Traduit par Titus Burckhardt
Lettre 9
Lorsque
mon maître vit que je suivais la voie sincèrement, il m'ordonna de rompre avec
les habitudes de mon âme (nafs);
il me dit: "De même que nous devons acquérir la science de la Réalité
spirituelle (al-baqîqah), nous devons en acquérir
l'action". Je ne le compris pas. Alors il saisit mon haïk (Le haïk est un
tissu sans couture qui sert à envelopper
la tête et les épaules.) de sa noble main, l'arracha de ma tête , le tordit
plusieurs fois et l'enroula autour de mon
cou; puis il me dit: "Voici l'épreuve du bien!" Alors mon âme se
troubla à tel point qu'elle eût préféré mourir plutôt
que de se montrer dans cet accoutrement 1. Le maître me regarda sans mot dire,
et je me sentis oppressé jusqu'à
la mort.

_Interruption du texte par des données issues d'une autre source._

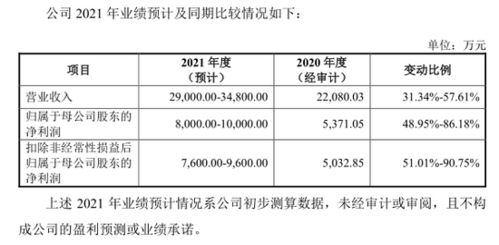 機(jī)遇與風(fēng)險(xiǎn)并存 如何應(yīng)對(duì)高景氣板塊新股申購中的“肉簽”誘惑？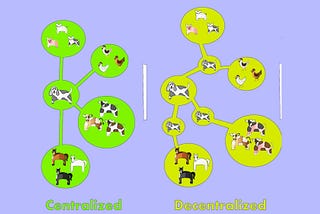 Definisi Perbedaan Jaringan Terpusat vs Terdistribusi (Sentralisasi dan Desentralisasi)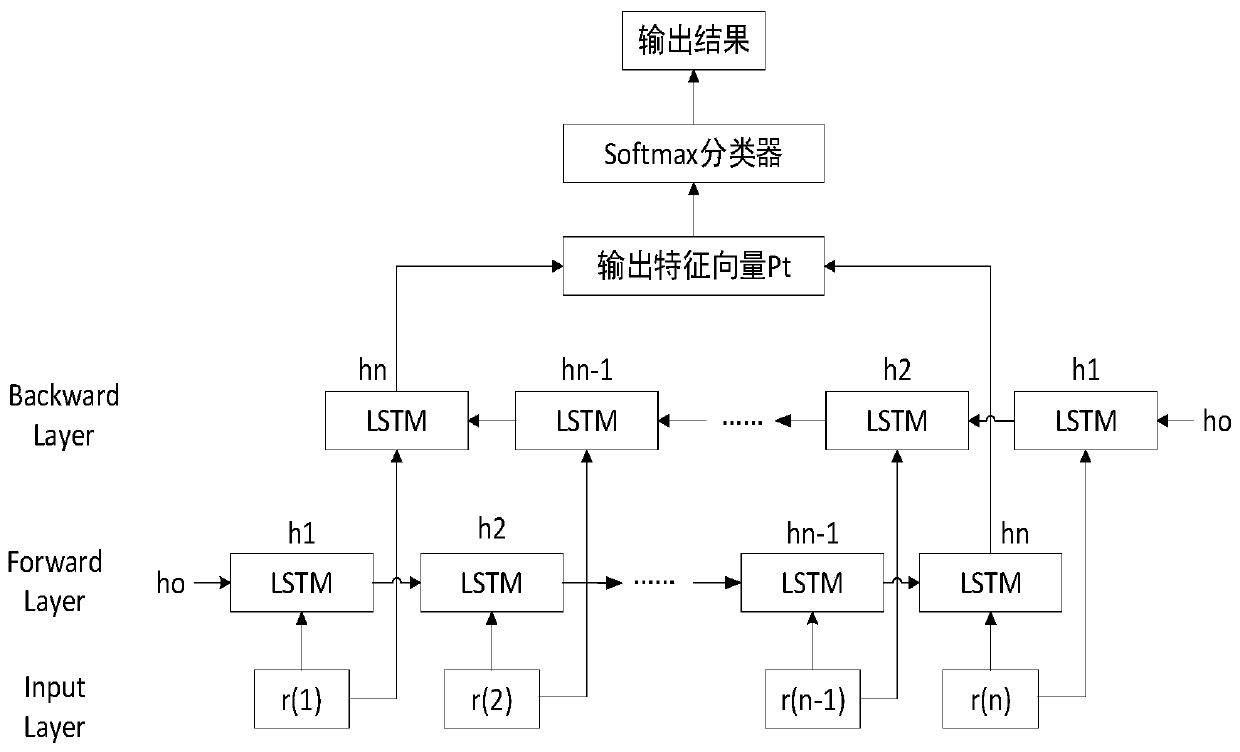 SDN controller-oriented real-time DDoS attack detection system and method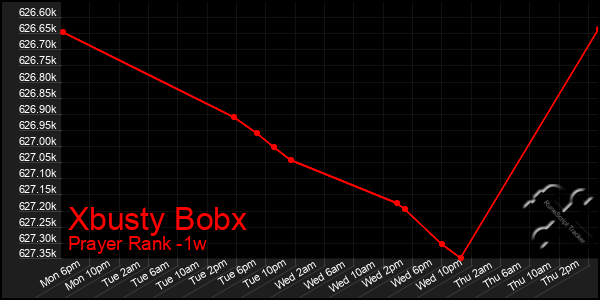 Last 7 Days Graph of Xbusty Bobx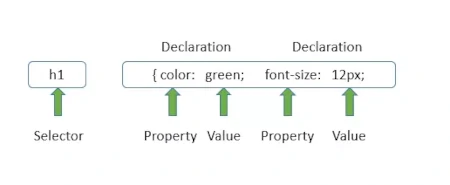 CSS Rules and Declarations
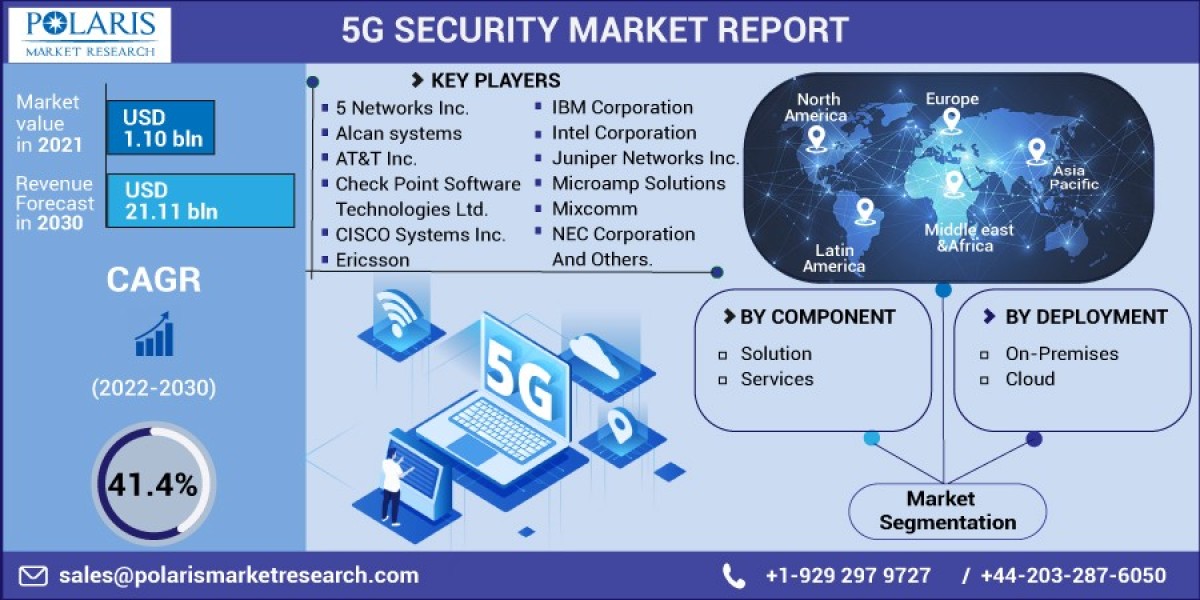5G Security Market 2023 Trends, Top Industry Players and Future Trend and Outlook by 2032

Je me levai avant que le maître ne se levât - ce qui était contraire à
ma coutume - et je marchai jusqu'à
ce que le mur de la zawiyah me dérobât à sa vue. Alors mon âme (nafs) me dit:
qu'est-ce que cela signifie donc?
Je ne sus que lui répondre sauf de ramener mon haïk sur la tête comme les
autres gens - non, je ne le fis pas, et je
lui dis: le maître sait bien ce que cela signifie. Mais toi (mon âme), pourquoi
t'es-tu tant troublée et révoltée? que crains-tu
d'être humiliée? Qu'es-tu donc, et quel est ton rang, pour que tu ne supportes
pas d'être dans cet état?
N'aimes-tu
donc qu'à rester avec ta concupiscence et tes bons plaisirs, à t'ébattre sans
frein? Non, par Dieu, tu n'en jouiras
pas aussi longtemps que je veillerai sur toi et tes hostilités! Alors, voyant
mes yeux enflammés de colère, elle désespéra
de sa concupiscence et sut qu'elle n'en aurait rien, et elle accepta finalement
la loi que je lui imposai.
Malheur
au faqîr , malheur à lui, s'il voit la forme de sa propre âme (ou de son 'moi ,
nafs) telle qu'elle est, et qu'il ne l'étrangle
pas jusqu'à ce qu'elle en meure!
1
En milieu musulman non influencé par l'Occident moderne, se montrer la tête
découverte en public est signe de vulgarité, d'indiscipline ou de folie.